Indicators signal rising costs across the program. Among them:
—independent estimates by Kaiser and the consulting firm Avalere Health show increasing premiums for stand-alone drug plans. The average premium will rise from $36.68 to $41.46 per month next year, or 13 percent, according to Kaiser. Even if many beneficiaries switch to lower-cost options, it's likely to be the biggest increase since 2009.
—the maximum deductible for prescription coverage will rise by $40, to $360. That's the biggest increase in the deductible since the inception of Part D in 2006. The deductible is the amount of drug costs that beneficiaries must pay each year before their insurance kicks in.
—taxpayer expenditures for the "catastrophic" portion of the benefit — in which beneficiaries with high drug bills pay only 5 percent of the cost — will rise by $4.5 billion in 2016, an increase of more than 14 percent. Spending for catastrophic coverage has doubled in just a short time, from $15.5 billion in 2012 to an estimated $31.2 billion this year.
The analyses from Kaiser and Avalere are seemingly at odds with the message coming from the Obama administration, which estimates that drug premiums will remain stable in 2016, averaging $32.50 a month.
But the administration and the independent analysts measure differently. For example, the administration adjusts its number for the estimated impact of people assumed to be switching to lower-premium plans.
The outside analysts don't make similar assumptions. Instead, they focus on what's happening to premiums in the plans for which people are currently signed up.
Nationally, average premiums are going up by more than 15 percent in five of the top eight plans, according to the Kaiser study. Two plans will see single-digit increases. One plan — SilverScript Choice — will see a small reduction. The most popular plan — AARP MedicareRx Preferred — will go up from $50.19 to $60.79, a 21 percent increase.
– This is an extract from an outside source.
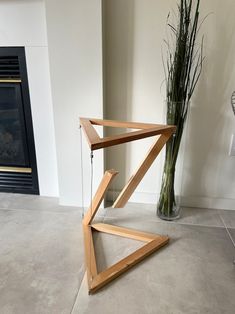 a vase with some flowers in it next to a wooden structure that has been placed on the floor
Sean Cavanaugh, deputy administrator at the Centers for Medicare and Medicaid Services, said the administration has a good track record with its estimates. "We do think ours is more illustrative of what beneficiaries actually experience," he said.
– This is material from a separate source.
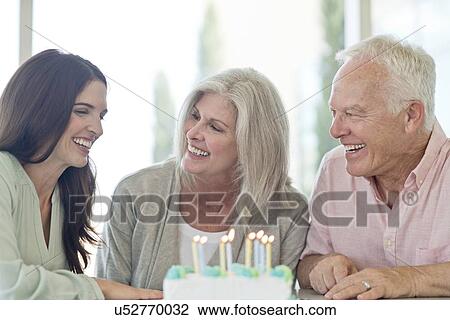 Stock Image - Senior couple and adult daughter with birthday cake. Fotosearch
Cavanaugh did say the administration is concerned about the cost of new breakthrough drugs. The insurers who deliver Medicare's prescription benefit have limited options for bargaining down the prices of those medications, because usually there's no competing alternative.
"The challenge in the Part D program is around high-cost specialty drugs," said Cavanaugh. "We certainly have to be concerned about anything that's driving that much cost in our program."
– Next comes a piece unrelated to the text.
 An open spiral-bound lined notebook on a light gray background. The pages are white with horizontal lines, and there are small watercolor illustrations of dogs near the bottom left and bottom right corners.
With polls showing that drug costs are the top health care issue for the public, presidential candidates are weighing in. Options they propose range from giving Medicare direct authority to negotiate drug prices, backed by Democrat Hillary Rodham Clinton, to speeding up approval of new drugs, advanced by Republican Jeb Bush.
Consumer advocates are skeptical that seniors shopping for better deals will be sufficient to blunt the cost increases.
Finding a new plan can be overwhelming, said Bonnie Burns, a longtime Medicare counselor with nonprofit California Health Advocates. "People can't deal with the complexity of deductibles, coverage tiers, and prior approval," she said.
Natale, the Florida retiree, says he's not sure what the right answer is. He's wary of government controls on private industry, but the relentless growth of costs worries him.
"I really don't think I have much of an option for protecting me and my wife if I get some serious illness and I need big-time drugs," he said.